● Task input
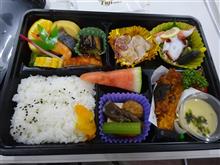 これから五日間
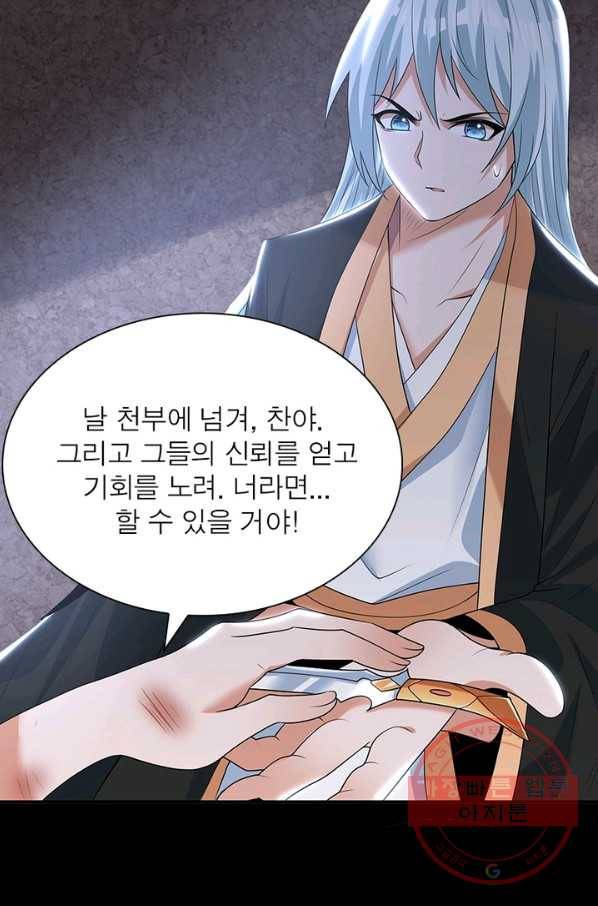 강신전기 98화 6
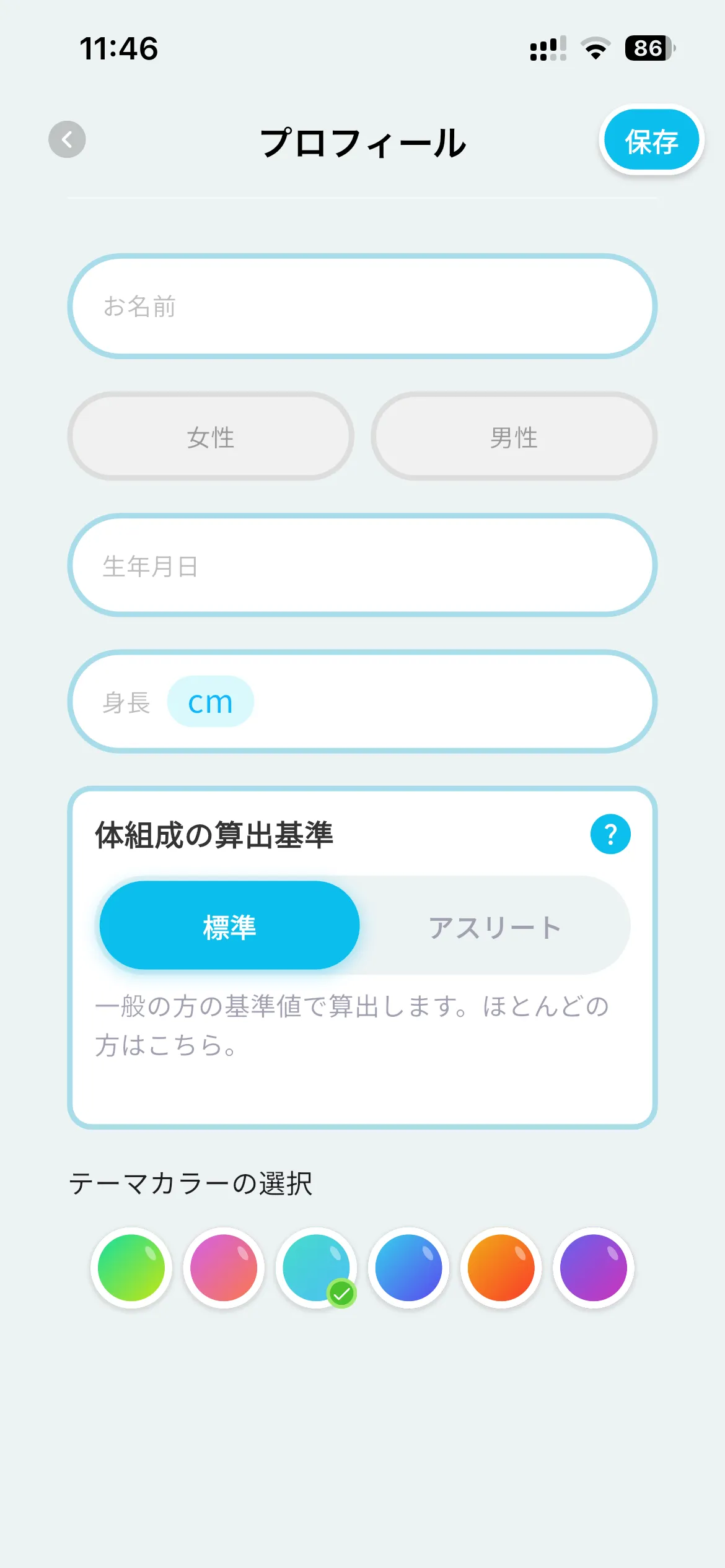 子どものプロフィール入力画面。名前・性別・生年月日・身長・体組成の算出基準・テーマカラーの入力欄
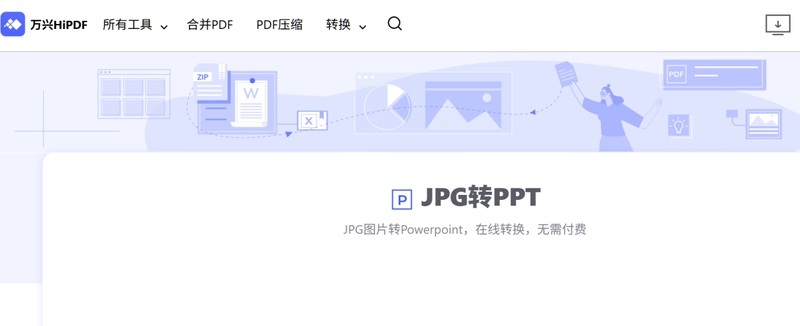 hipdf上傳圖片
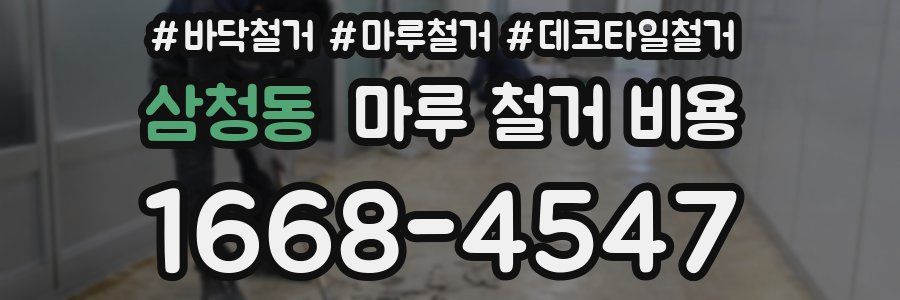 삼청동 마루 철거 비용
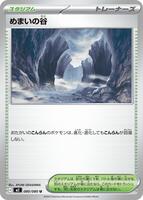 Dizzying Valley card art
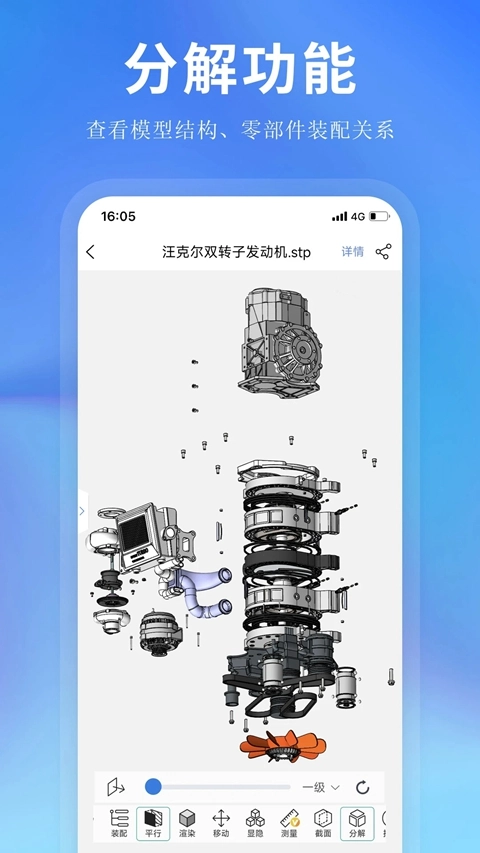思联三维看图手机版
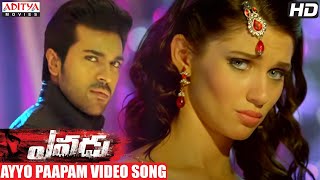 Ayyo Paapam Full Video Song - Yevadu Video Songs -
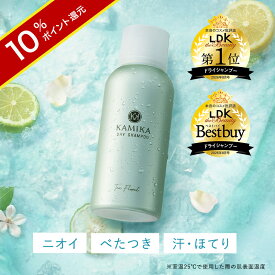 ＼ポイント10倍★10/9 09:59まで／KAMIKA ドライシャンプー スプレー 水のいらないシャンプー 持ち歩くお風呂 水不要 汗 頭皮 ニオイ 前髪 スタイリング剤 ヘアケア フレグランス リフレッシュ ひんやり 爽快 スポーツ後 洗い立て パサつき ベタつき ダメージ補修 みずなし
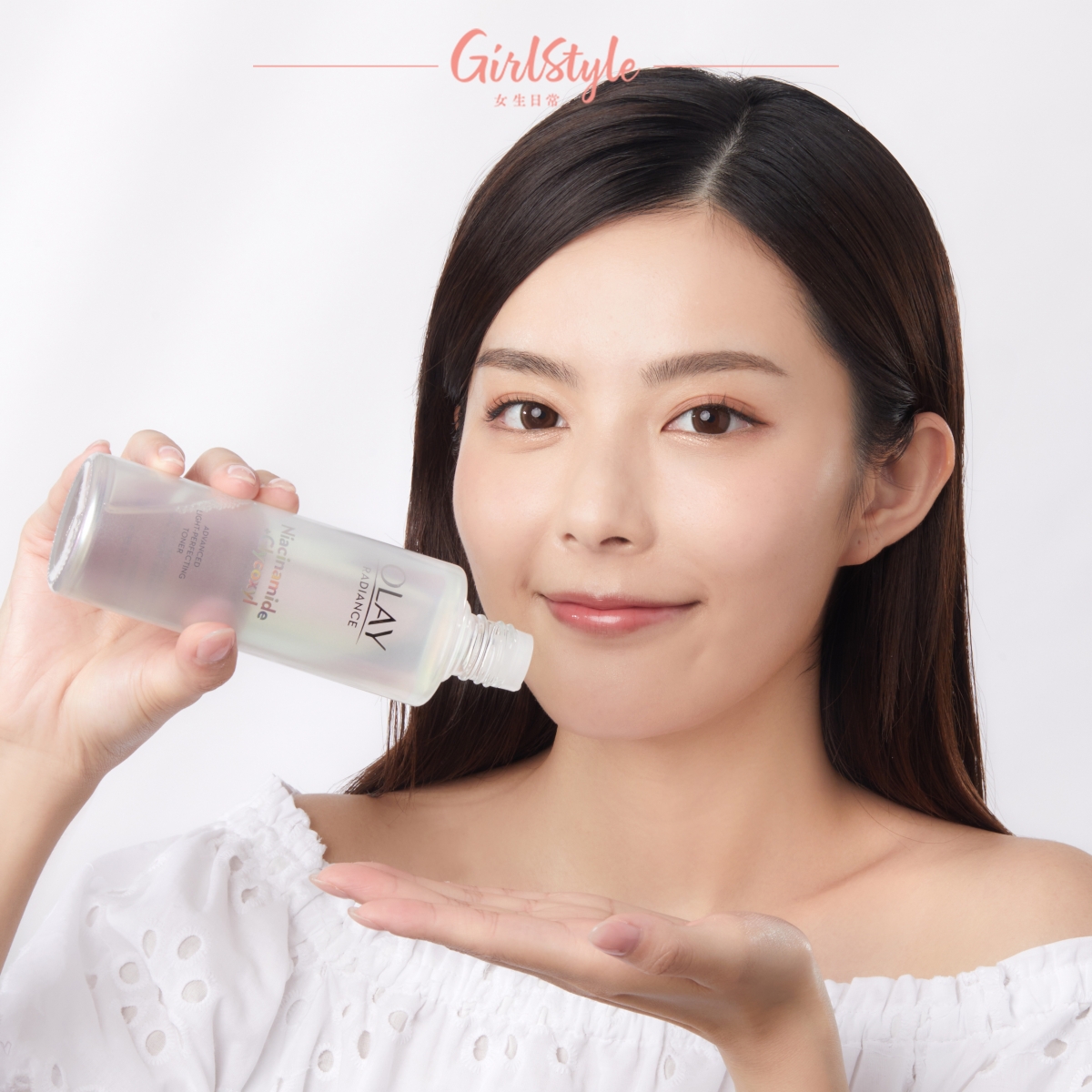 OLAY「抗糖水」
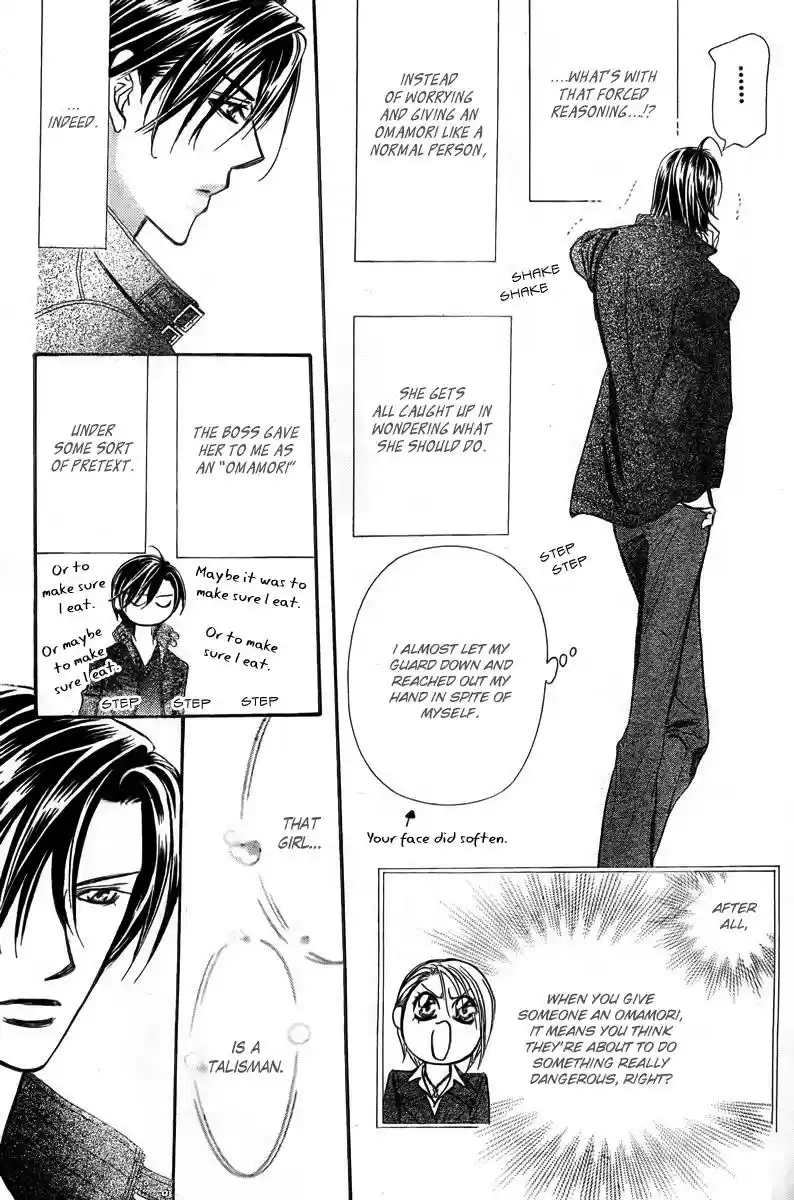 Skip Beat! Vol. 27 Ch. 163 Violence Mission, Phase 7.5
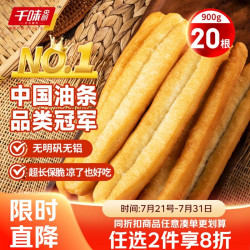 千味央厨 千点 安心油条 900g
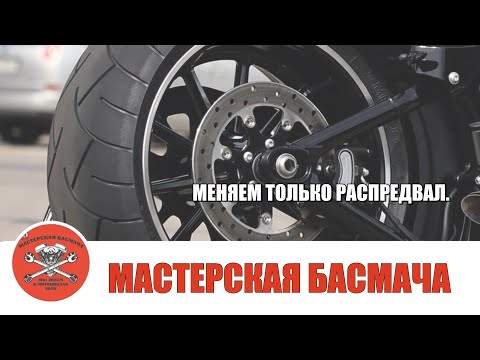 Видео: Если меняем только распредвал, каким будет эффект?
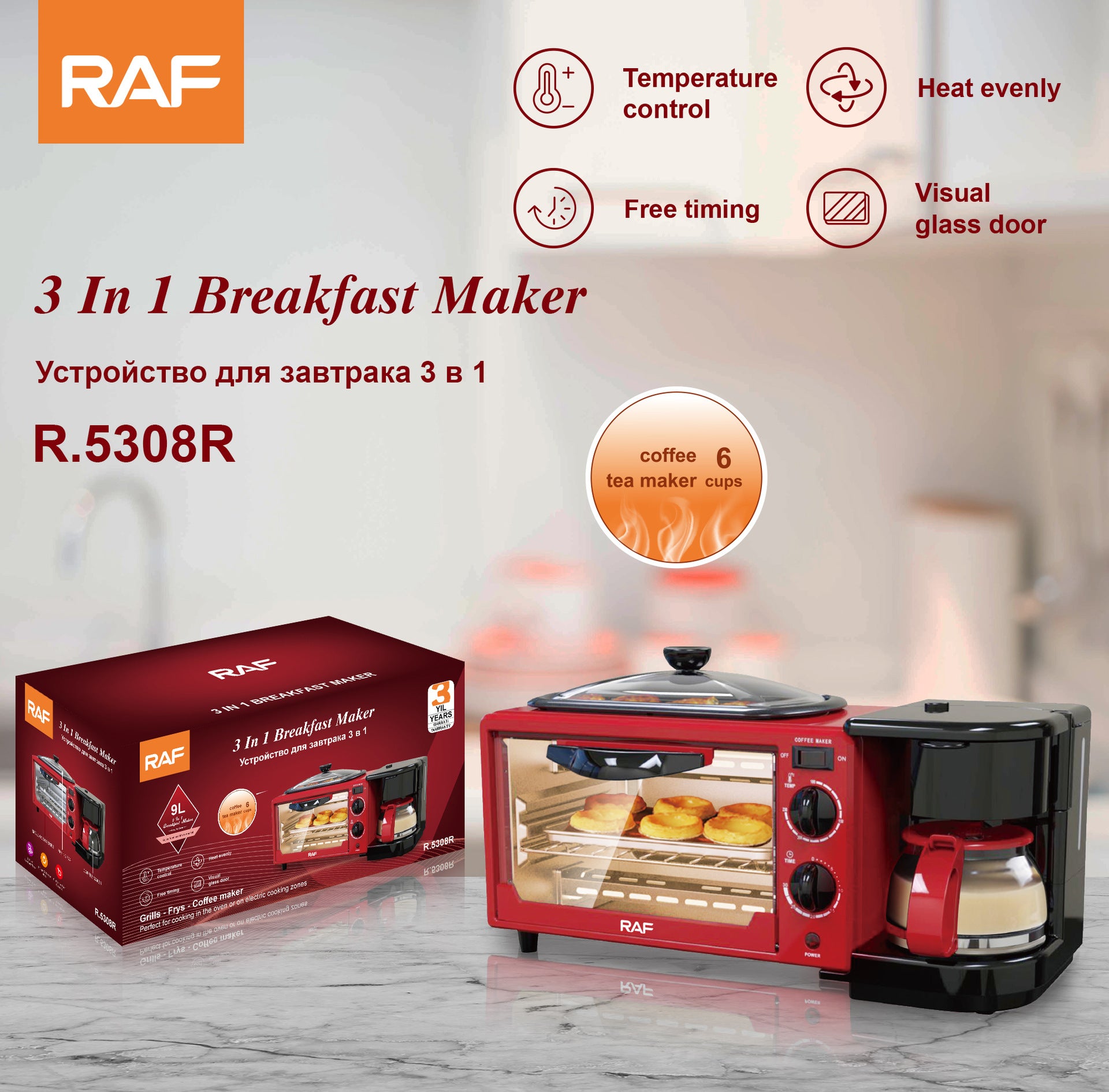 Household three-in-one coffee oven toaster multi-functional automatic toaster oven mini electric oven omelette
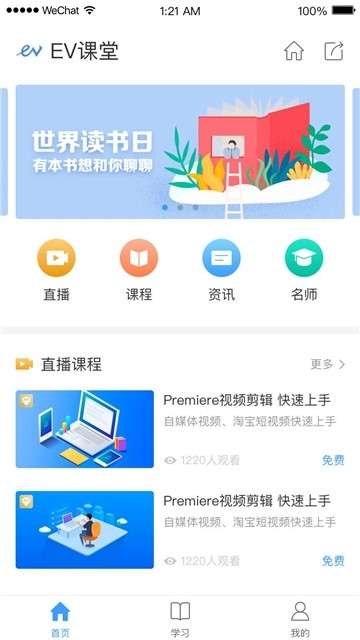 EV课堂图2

● What the exercise asks
The result should be an exact copy of the material, containing no pictures.

● Answer to the exercise
 これから五日間
 강신전기 98화 6
 子どものプロフィール入力画面。名前・性別・生年月日・身長・体組成の算出基準・テーマカラーの入力欄
 hipdf上傳圖片
 삼청동 마루 철거 비용
 Dizzying Valley card art
思联三维看图手机版
 Ayyo Paapam Full Video Song - Yevadu Video Songs -
 ＼ポイント10倍★10/9 09:59まで／KAMIKA ドライシャンプー スプレー 水のいらないシャンプー 持ち歩くお風呂 水不要 汗 頭皮 ニオイ 前髪 スタイリング剤 ヘアケア フレグランス リフレッシュ ひんやり 爽快 スポーツ後 洗い立て パサつき ベタつき ダメージ補修 みずなし
 OLAY「抗糖水」
 Skip Beat! Vol. 27 Ch. 163 Violence Mission, Phase 7.5
 千味央厨 千点 安心油条 900g
 Видео: Если меняем только распредвал, каким будет эффект?
 Household three-in-one coffee oven toaster multi-functional automatic toaster oven mini electric oven omelette
 EV课堂图2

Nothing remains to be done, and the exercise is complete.